For this we have to go back to 1997-98s. At this time, the tiger economies of Asia (a term used to refer the countries of South East Asia like Thailand, Malaysia, Indonesia etc...) suffered a major economic crisis. Several countries of South East Asia had developed worrying financial weaknesses which were the results of heavy investment in highly speculative real estate ventures, financed by borrowing either from poorly informed foreign sources or by credit from under regulated domestic financial institutions.
The crisis began with wrong banking practices. In those countries crony capitalism (where borrower had the connections with government) became too dominant. The minister’s nephew or the president’s son could open a bank and raise money both from the domestic populace and from foreign lenders, with everyone believing that their money was safe because official connections stood behind the institution.
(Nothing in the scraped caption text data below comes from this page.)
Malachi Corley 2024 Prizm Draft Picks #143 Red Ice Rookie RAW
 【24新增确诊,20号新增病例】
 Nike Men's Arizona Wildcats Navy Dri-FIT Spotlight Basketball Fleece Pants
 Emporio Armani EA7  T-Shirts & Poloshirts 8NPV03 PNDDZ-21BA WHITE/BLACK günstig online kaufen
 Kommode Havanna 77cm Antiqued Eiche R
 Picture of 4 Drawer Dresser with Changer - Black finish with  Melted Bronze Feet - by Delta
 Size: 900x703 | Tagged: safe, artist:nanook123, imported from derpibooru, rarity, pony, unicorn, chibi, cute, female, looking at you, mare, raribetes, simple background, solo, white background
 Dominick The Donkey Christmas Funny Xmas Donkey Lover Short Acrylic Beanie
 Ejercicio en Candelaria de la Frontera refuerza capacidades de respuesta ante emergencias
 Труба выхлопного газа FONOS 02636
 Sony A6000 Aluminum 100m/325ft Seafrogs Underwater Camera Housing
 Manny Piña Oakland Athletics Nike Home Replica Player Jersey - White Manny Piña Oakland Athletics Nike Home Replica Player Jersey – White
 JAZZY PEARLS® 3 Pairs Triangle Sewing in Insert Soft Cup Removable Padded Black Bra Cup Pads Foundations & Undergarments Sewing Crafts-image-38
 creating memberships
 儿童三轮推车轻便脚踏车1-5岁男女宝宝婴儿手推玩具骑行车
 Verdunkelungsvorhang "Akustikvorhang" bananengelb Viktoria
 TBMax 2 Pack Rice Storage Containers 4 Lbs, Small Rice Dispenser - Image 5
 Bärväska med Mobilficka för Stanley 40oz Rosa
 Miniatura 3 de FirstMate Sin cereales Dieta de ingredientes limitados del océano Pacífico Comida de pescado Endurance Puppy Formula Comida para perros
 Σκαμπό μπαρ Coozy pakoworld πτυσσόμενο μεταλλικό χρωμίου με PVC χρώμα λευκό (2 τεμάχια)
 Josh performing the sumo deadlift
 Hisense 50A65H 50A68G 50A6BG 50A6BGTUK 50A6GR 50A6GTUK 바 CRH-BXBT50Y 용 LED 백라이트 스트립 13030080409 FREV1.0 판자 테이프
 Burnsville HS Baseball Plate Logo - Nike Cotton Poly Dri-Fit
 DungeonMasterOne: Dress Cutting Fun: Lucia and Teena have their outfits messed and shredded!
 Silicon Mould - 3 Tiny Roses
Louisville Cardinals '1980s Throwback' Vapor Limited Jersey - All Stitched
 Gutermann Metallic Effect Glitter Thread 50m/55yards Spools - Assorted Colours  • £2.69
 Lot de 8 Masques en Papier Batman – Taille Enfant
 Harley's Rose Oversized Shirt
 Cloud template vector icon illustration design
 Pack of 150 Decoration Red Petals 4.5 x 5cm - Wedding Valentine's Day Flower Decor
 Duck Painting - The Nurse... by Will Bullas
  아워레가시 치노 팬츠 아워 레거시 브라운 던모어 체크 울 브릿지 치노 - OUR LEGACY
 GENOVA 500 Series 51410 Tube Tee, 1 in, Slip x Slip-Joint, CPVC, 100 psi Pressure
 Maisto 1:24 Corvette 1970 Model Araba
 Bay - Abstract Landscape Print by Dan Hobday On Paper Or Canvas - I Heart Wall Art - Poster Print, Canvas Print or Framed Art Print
Government guarantees on bank deposits are standard practice throughout the world, but normally these guarantees come with strings attached. The owners of banks have to meet capital requirements (that is, put a lot of their own money at risk), restrict themselves to prudent investments, and so on. In Asian countries, however, too many people were granted privilege without responsibility, allowing them to play a game of “heads I win, tails somebody else loses.” And the loans financed highly speculative real estate ventures and wildly overambitious corporate expansions.
This bubble was inflated still further by credulous foreign investors, who were all too eager to put money into faraway countries about which they knew nothing (except that they were thriving). It was also, for a while, self-sustaining: All those irresponsible loans created a boom in real estate and stock markets, which made the balance sheets of banks and their clients look much healthier than they were.
However, this bubble had to burst sooner or later. At some point it was going to become clear that the high values Asian markets had placed on their assets weren’t realistic. Speculative bubbles are vulnerable to self-fulfilling pessimism: As soon as a significant number of investors begin to wonder whether the bubble would burst, it did.
So Asia went into a downward spiral. As nervous investors began to pull their money out of banks, asset prices plunged. As asset prices fell, it became increasingly doubtful whether governments would really stand behind the deposits and loans that remained, and investors fled all the faster. Foreign investors stampeded for the exits, forcing currency devaluations, which worsened the crisis still more as banks and companies found themselves with assets in devalued baht or rupiah, but with liabilities in lamentably solid dollars.
In 1996 capital was flowing into emerging Asia at the rate of about $100 billion a year; by the second half of 1997 it was flowing out at about the same rate. Inevitably, with that kind of reversal, Asia’s asset markets plunged, its economies went into recession, and it only got worse from there.
Eventually International Monetary Fund (IMF) had to step in to save these economies. How these economies later recovered and at what cost is a different story. However, this crisis brought with it some major lessons for the Asian economies. One of the most important lessons for them was to create a solid Foreign Exchange Reserve so as to withstand the most volatile exit of the money from their markets. High reserves promise safety in a storm. Therefore, most major economies of Asia (including the big China and India) adopted a strategy of maintaining high forex reserve so as to ensure safety from any such crisis in future. This shift in priorities created a very interesting situation.
In the mid-1990s, the emerging economies of Asia had been major importers of capital, borrowing abroad to finance their development. But after the Asian financial crisis of 1997-98 these countries began protecting themselves by amassing huge war chests of foreign assets, in effect exporting capital to the rest of the world.
To say in other words, the Asian economy came in to a Saving mode. In order to maintain huge foreign reserve, they also started buying US securities. This resulted in a huge inflow of dollars into the US economy. As more and more dollars kept coming into the US economy from world over, the American investors started devising very sophisticated and innovative methods to convert the flood of money from Asia into a borrowing and spending spree for American consumers.
This Money was helped people to take more and more home loans ..which boomed the housing sector in US...
Thus it gives a brief overview of the crisis that helps us to understand the current mess in world as it is all linked.
cheers...
RJFS

2 comments:

  1. itz indeed an interesting article....
    the situation that prevailed during mid 90's in asian countries is almost similar to wht happened in US recently, the same housing bubble and follwed by recession. bt from this entire crisis v or rather developing asian countries learned major lessons and certainly improved their respective economy status. The best example is Indian.we laid down policies and RBI set up regulations that saved us from the crisis and even in this recession period our banks cud maintain capital adequacy ratio of 12% which is far more than that of other developed countries.
    bt the sad part is, even though major powers like US are cause for the crisis, all these developing countries are supportin as a pillar to stop the US economy from fallin down. And one of the reasons is Foreign Exchange Reserve.
    one wise decision by so called developing countries has indirectly saved the world from global economic crisis.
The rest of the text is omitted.